(Excerpts from a dataset)
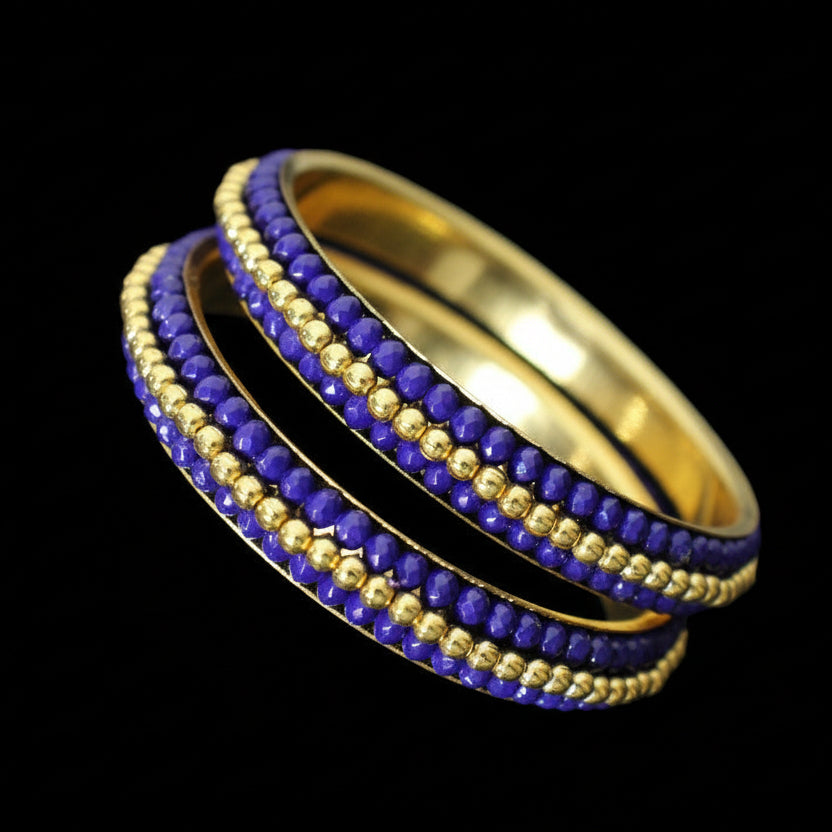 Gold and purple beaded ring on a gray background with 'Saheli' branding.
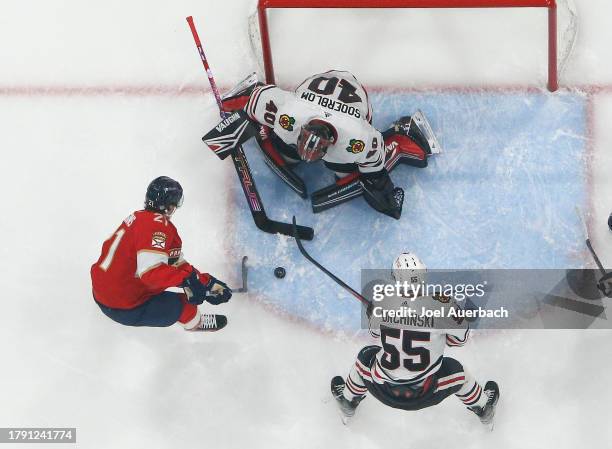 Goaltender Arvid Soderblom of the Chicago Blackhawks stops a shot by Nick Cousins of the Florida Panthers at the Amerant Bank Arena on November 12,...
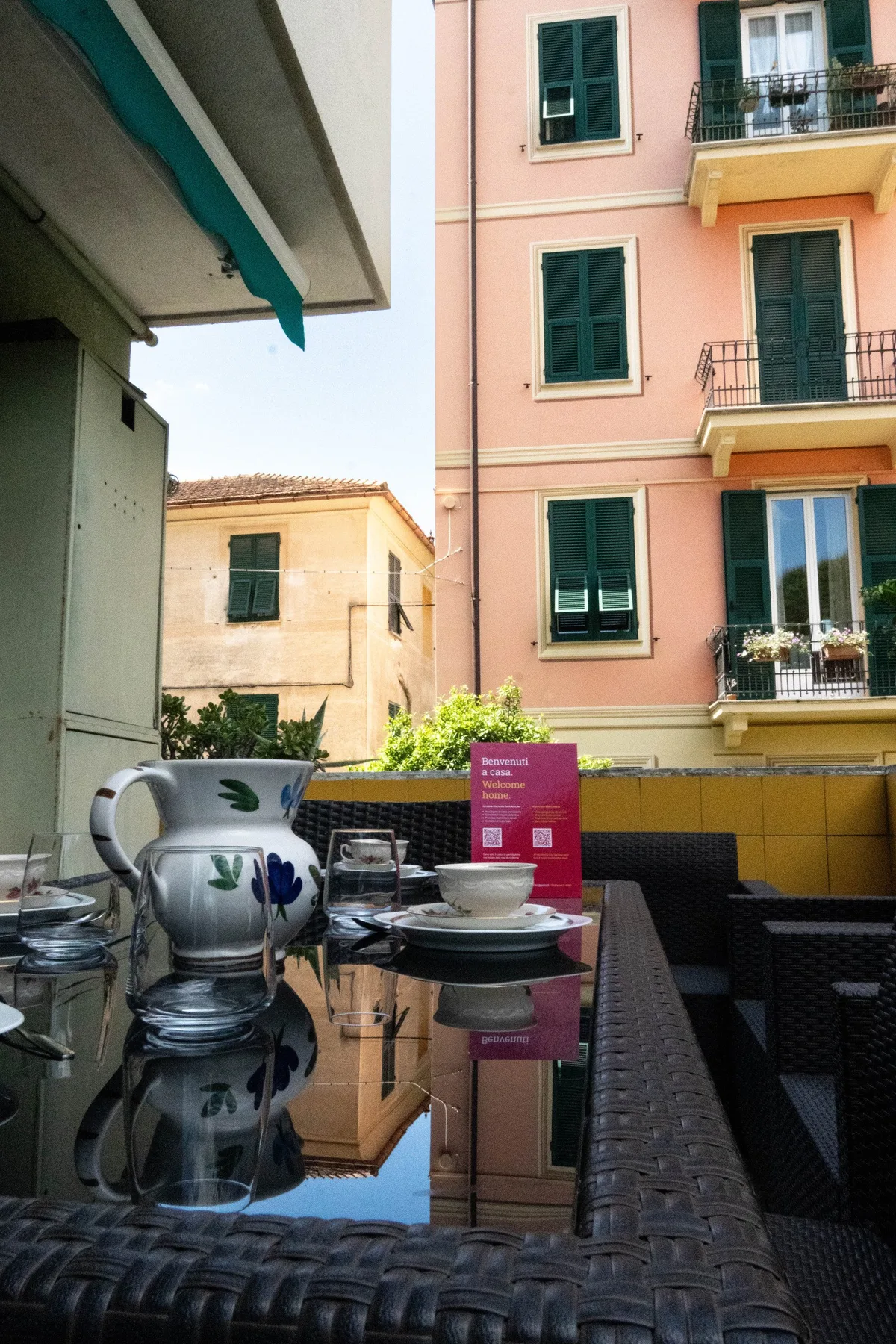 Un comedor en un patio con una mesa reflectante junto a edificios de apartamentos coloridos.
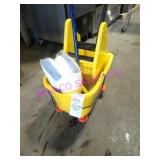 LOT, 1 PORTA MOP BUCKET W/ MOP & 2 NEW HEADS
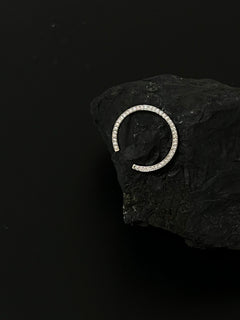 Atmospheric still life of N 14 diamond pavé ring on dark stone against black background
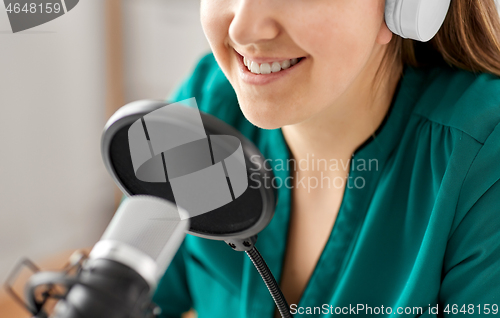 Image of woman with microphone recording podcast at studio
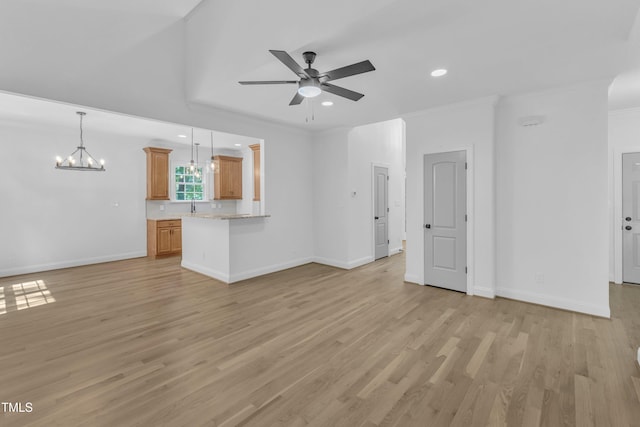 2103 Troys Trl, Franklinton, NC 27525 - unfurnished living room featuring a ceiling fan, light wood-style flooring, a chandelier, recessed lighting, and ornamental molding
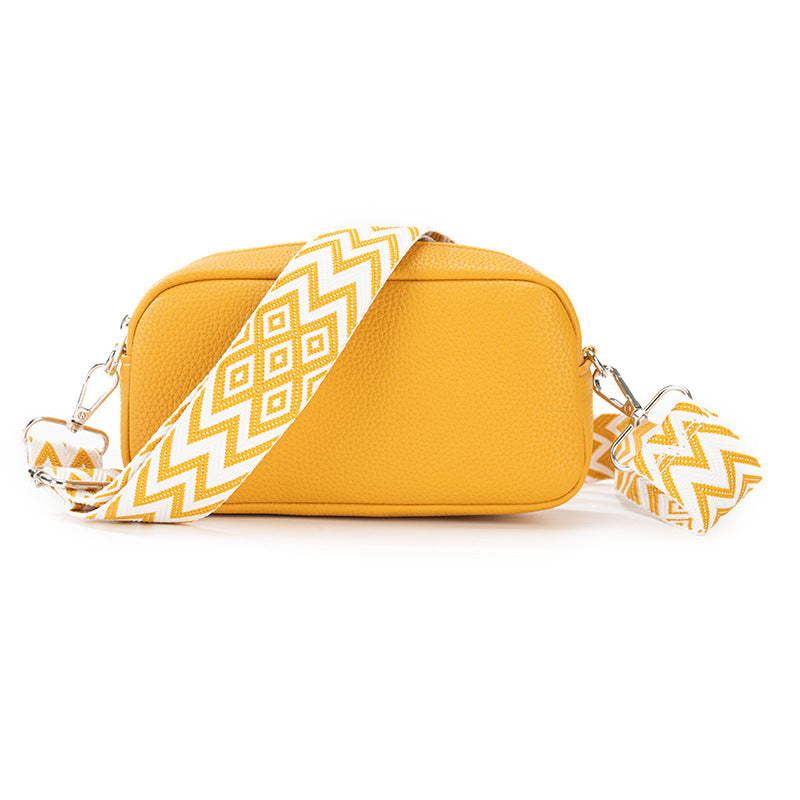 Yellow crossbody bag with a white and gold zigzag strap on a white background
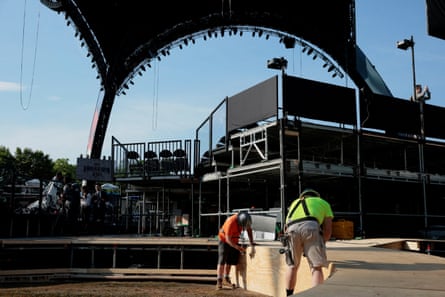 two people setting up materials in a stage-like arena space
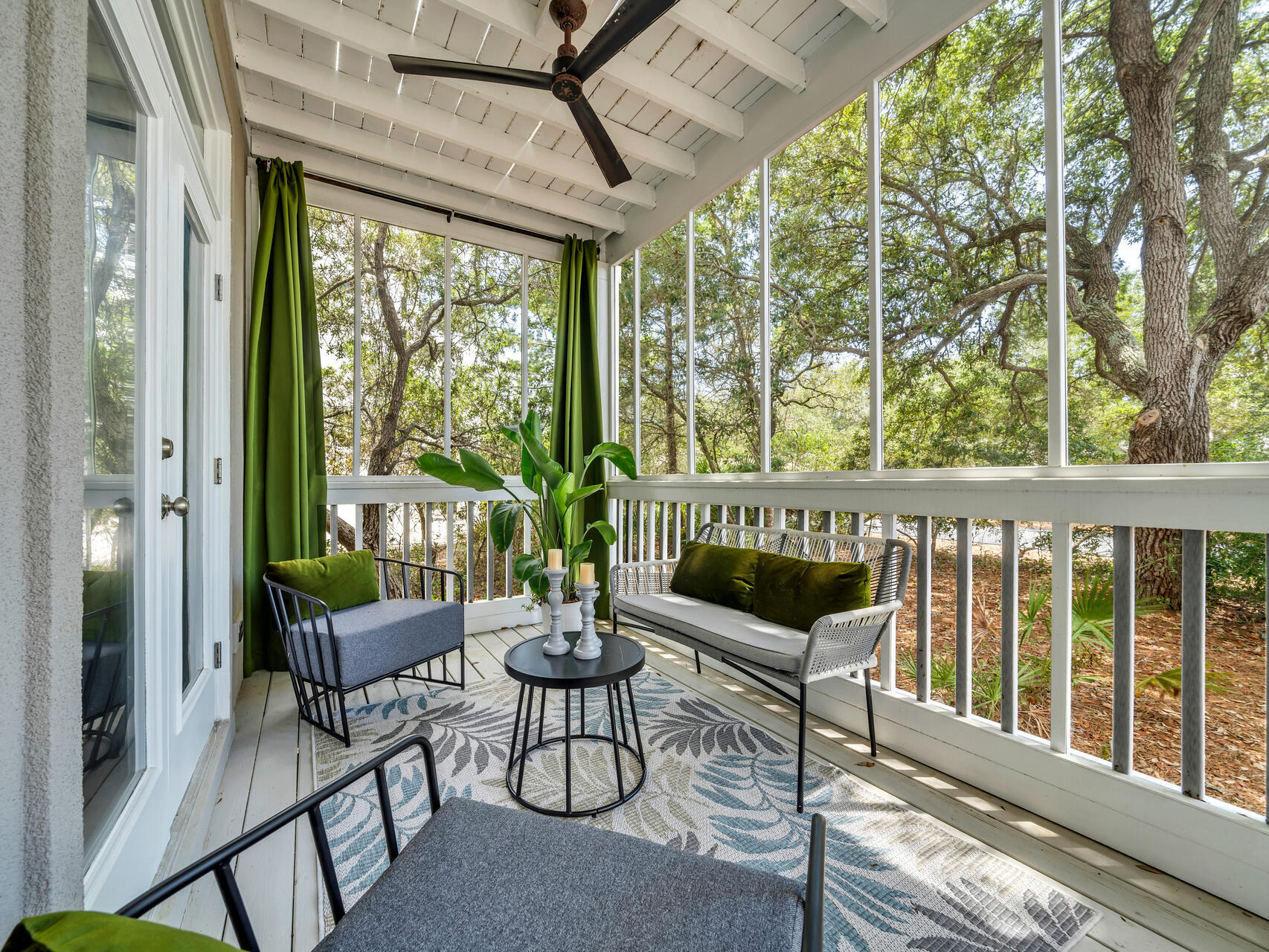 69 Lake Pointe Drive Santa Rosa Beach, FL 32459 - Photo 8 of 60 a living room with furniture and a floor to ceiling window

- Exercise:
Nothing but the lines from the first line of the data above through the line holding "Goaltender Arvid Soderblom" may appear in the response, copied exactly and without pictures.

- Answer to the exercise:
 Gold and purple beaded ring on a gray background with 'Saheli' branding.
 Goaltender Arvid Soderblom of the Chicago Blackhawks stops a shot by Nick Cousins of the Florida Panthers at the Amerant Bank Arena on November 12,...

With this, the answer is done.